Несмотря на все более активную пропаганду атеистических идей, начавшуюся в эпоху революций и так называемого Просвещения, до начала XIX в. подавляющее большинство ученых были людьми верующими, да и потом великие ученые-естествоиспытатели сохраняли религиозное мировоззрение.
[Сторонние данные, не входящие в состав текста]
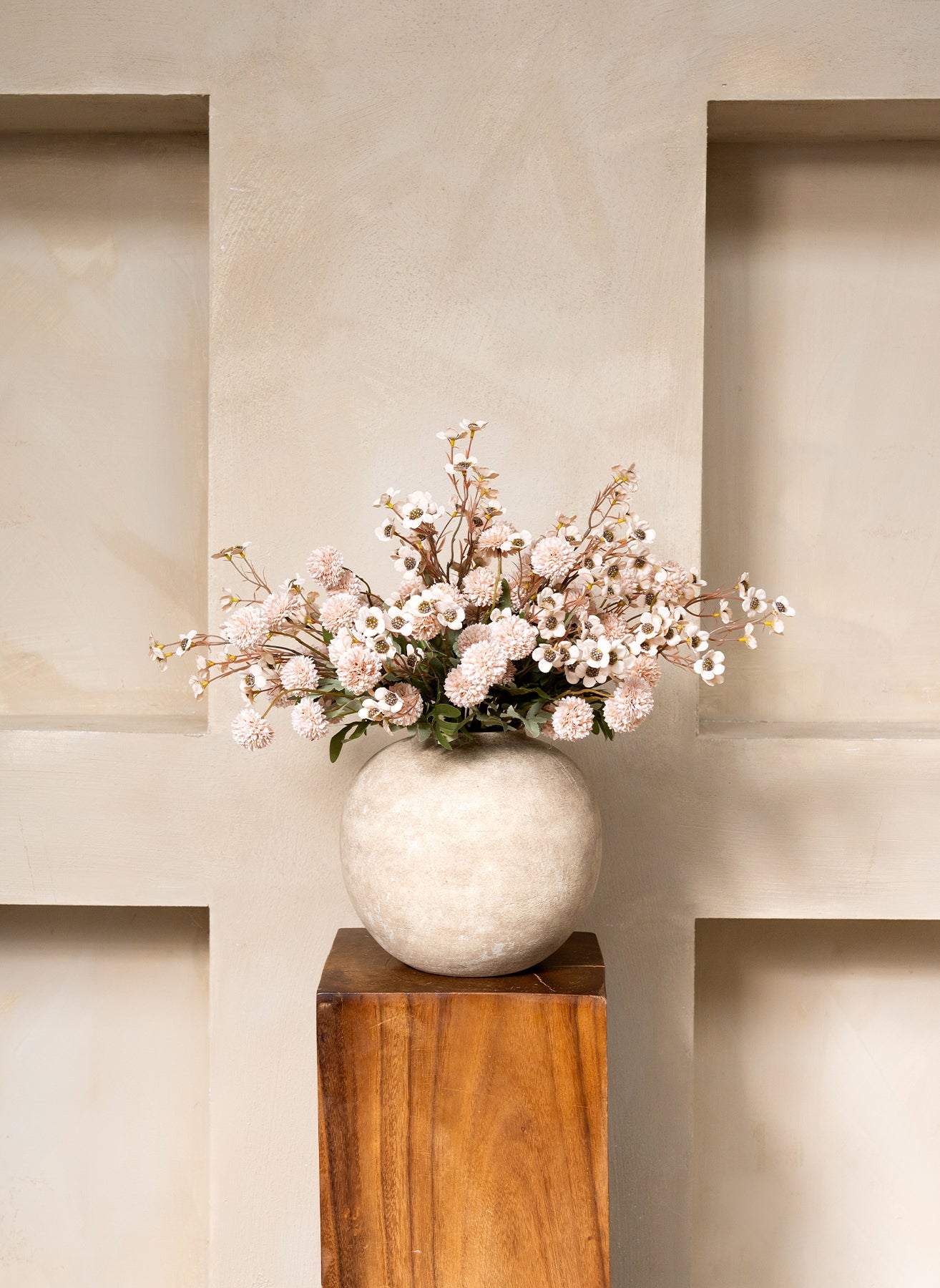 Wachsarrangement - Creme (VORBESTELLUNG - WIRD AM 14.01. VERSENDET)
Г.Галилей, Б.Паскаль, Р.Декарт, Р.Бойль, П.Ферма, И.Ньютон, Г.Лейбниц, К.Линней, М.В.Ломоносов, М.Фарадей, Ш.Кулон, А.Вольта, Г.Ом, Дж.Максвелл, Г.Мендель, О.Коши, Л.Эйлер, К.Гаусс, Ж.Кювье, Х.Эрстед, А.Ампер, Л.Пастер, Н.И.Лобачевский, Д.Стокс, Т.Эдисон, О.Рейнольдс, А.Бекерель, М.Планк, А.Комптон, Н.Е.Жуковский, Д.Ф.Егоров, Н.Н.Лузин, Д.Джинс, И.П.Павлов, Д.Томсон, Р.Милликен, Э.Шредингер, В.Гейзенберг, В.Паули, А.Кастлер, П.Йордан, Э.Конклин, И.Г.Петровский, Н.Н.Боголюбов, Ф.Хойл, Б.В.Раушенбах и множество других знаменитых ученых – представителей точных и естественных наук – были верующими людьми.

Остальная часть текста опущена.